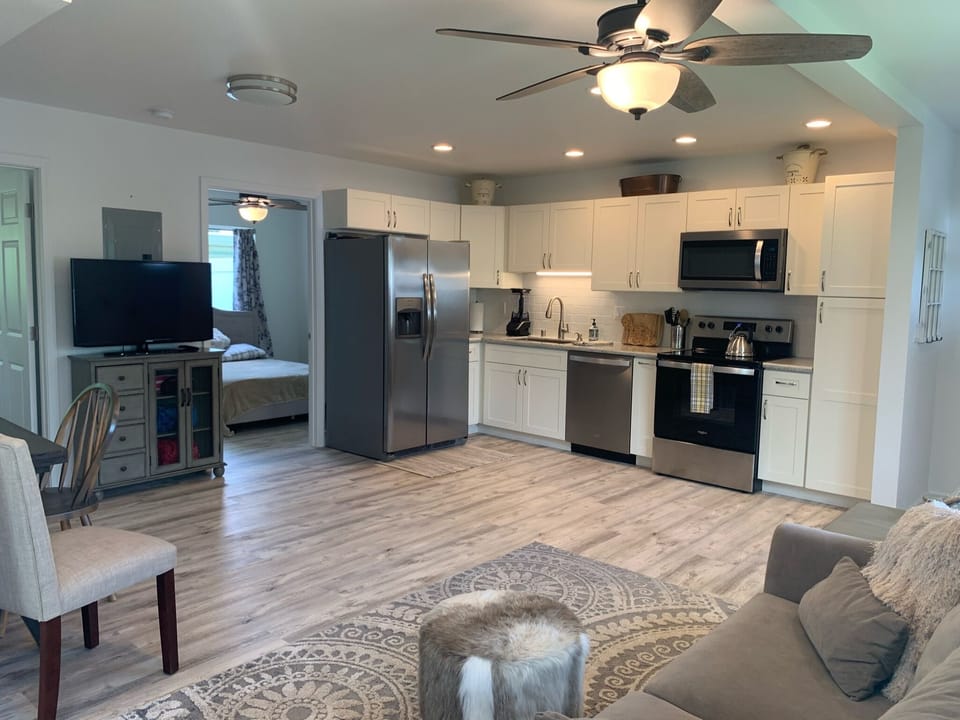 The home has a full kitchen, stocked with appliances and cookware.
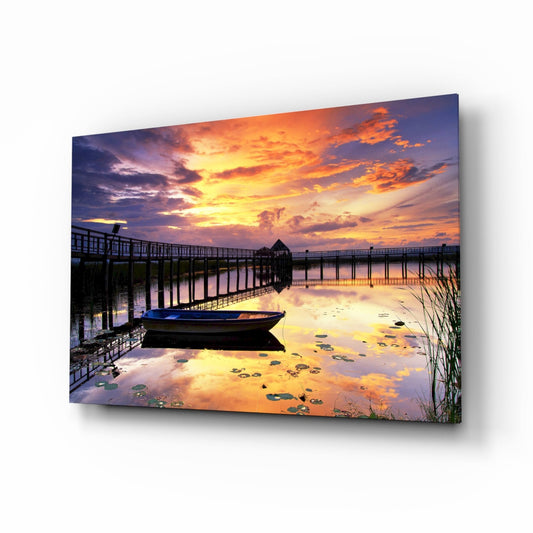 A wooden rowboat floats in shallow water beside a wooden pier at sunset, with golden and orange clouds reflected in the still water.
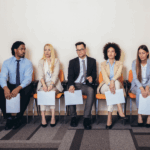 A diverse group of eight job applicants, dressed in business attire, sitting in a row on orange chairs, holding resumes.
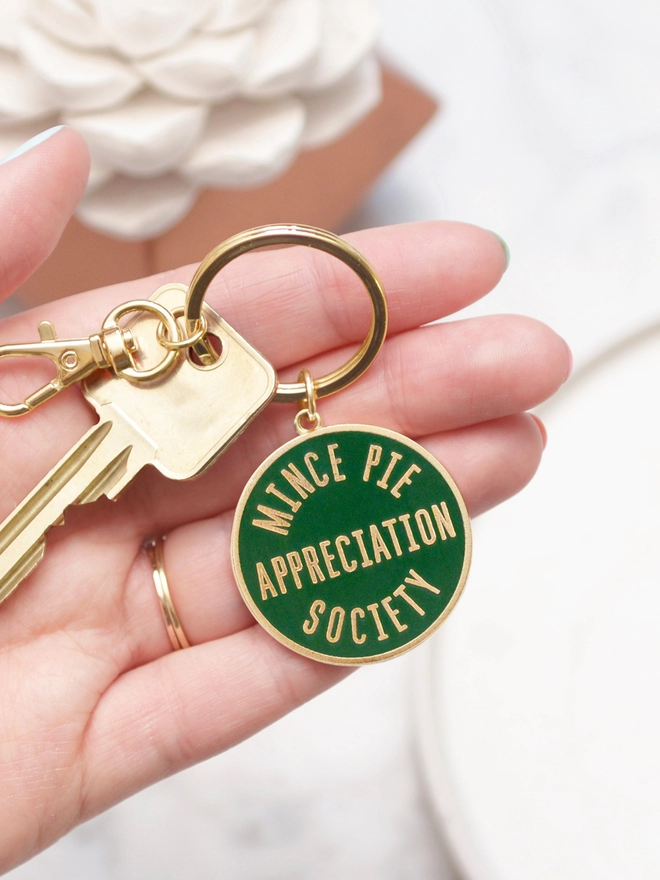 Hand holding out a Green enamel keyring featuring 'Mince Pie Appreciation Society' design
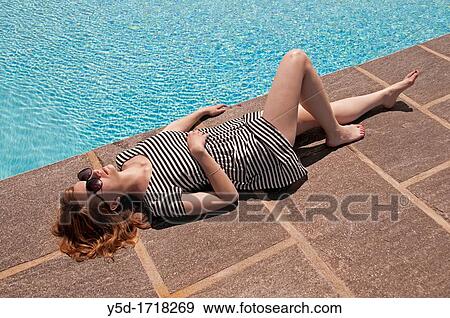 young woman resting at the swimming pool View Large Photo Image Stock Photo - young woman resting at the swimming pool. Fotosearch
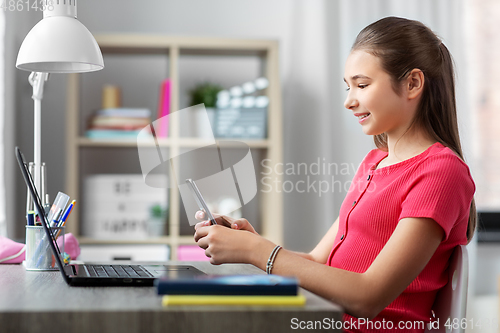 Image of girl with smartphone distracting from homework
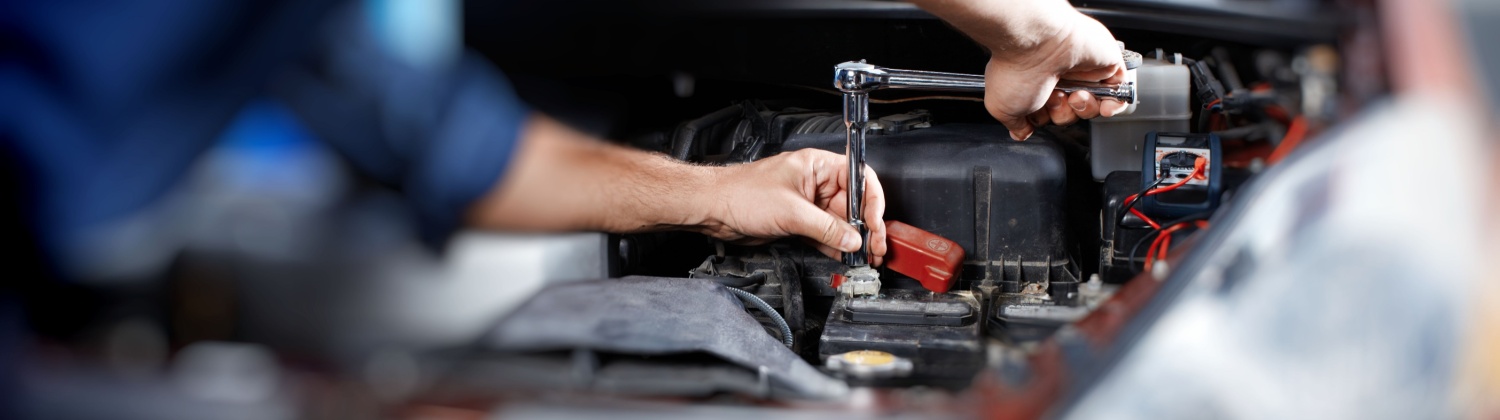 Automotive technician performing engine diagnostics in Hamilton ON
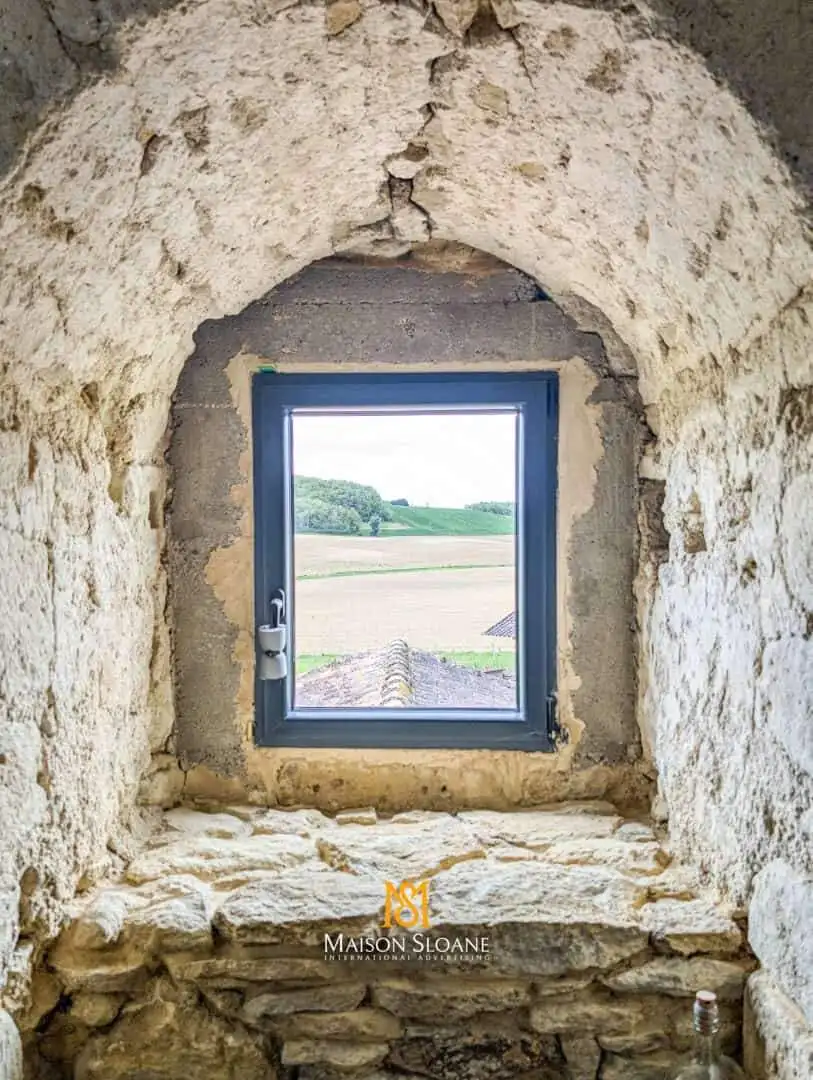 View of the countryside through a stone window in a historic building.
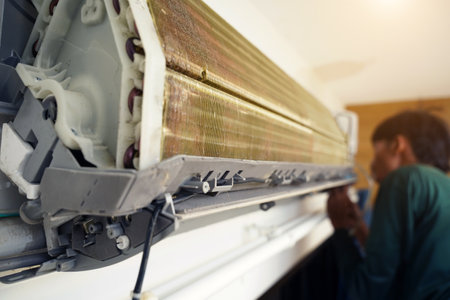 The worker cleans and repairs the air conditioner to ensure it operates properlyの写真素材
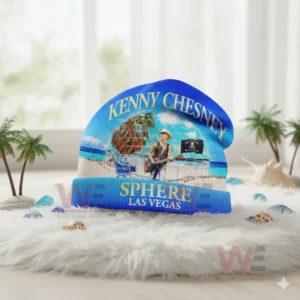 Blue Kenny Chesney beach themed beanie with Las Vegas Sphere design on a white fluffy surface.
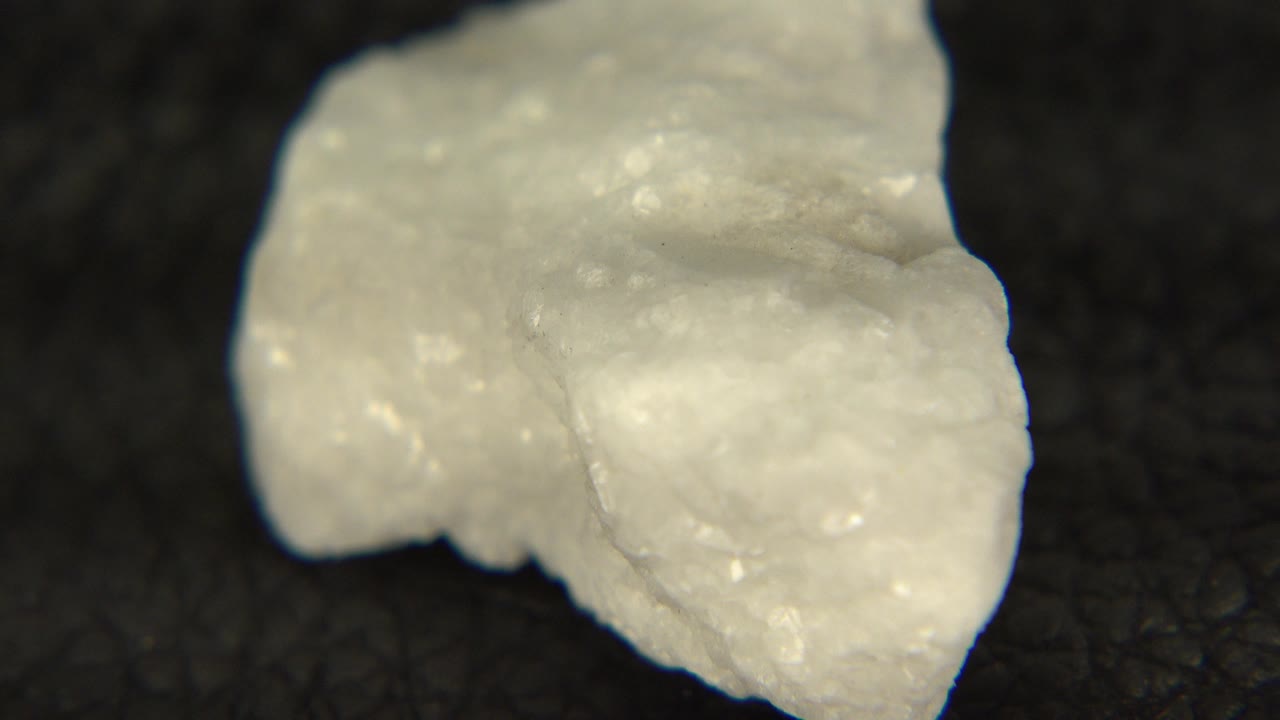 At 0:00, a white irregular rock sits large in frame on a dark speckled tabletop in Westminster, Colorado, with no visible people.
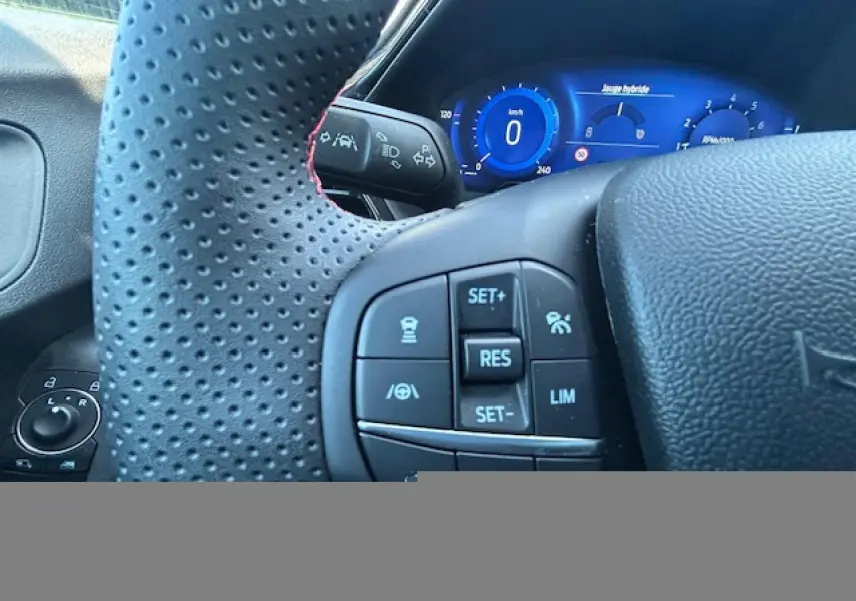 Gros plan sur le volant perforé avec surpiqûres rouges et le combiné numérique bleu du Ford Puma II gris Magnetic, version ST-Line.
====================
### [WORK INSTRUCTION]
Would you please repeat each record exactly? Leave the pictures out.

### [SOLVED EXERCISE]
 The home has a full kitchen, stocked with appliances and cookware.
 A wooden rowboat floats in shallow water beside a wooden pier at sunset, with golden and orange clouds reflected in the still water.
 A diverse group of eight job applicants, dressed in business attire, sitting in a row on orange chairs, holding resumes.
 Hand holding out a Green enamel keyring featuring 'Mince Pie Appreciation Society' design
 young woman resting at the swimming pool View Large Photo Image Stock Photo - young woman resting at the swimming pool. Fotosearch
 Image of girl with smartphone distracting from homework
 Automotive technician performing engine diagnostics in Hamilton ON
 View of the countryside through a stone window in a historic building.
 The worker cleans and repairs the air conditioner to ensure it operates properlyの写真素材
 Blue Kenny Chesney beach themed beanie with Las Vegas Sphere design on a white fluffy surface.
 At 0:00, a white irregular rock sits large in frame on a dark speckled tabletop in Westminster, Colorado, with no visible people.
 Gros plan sur le volant perforé avec surpiqûres rouges et le combiné numérique bleu du Ford Puma II gris Magnetic, version ST-Line.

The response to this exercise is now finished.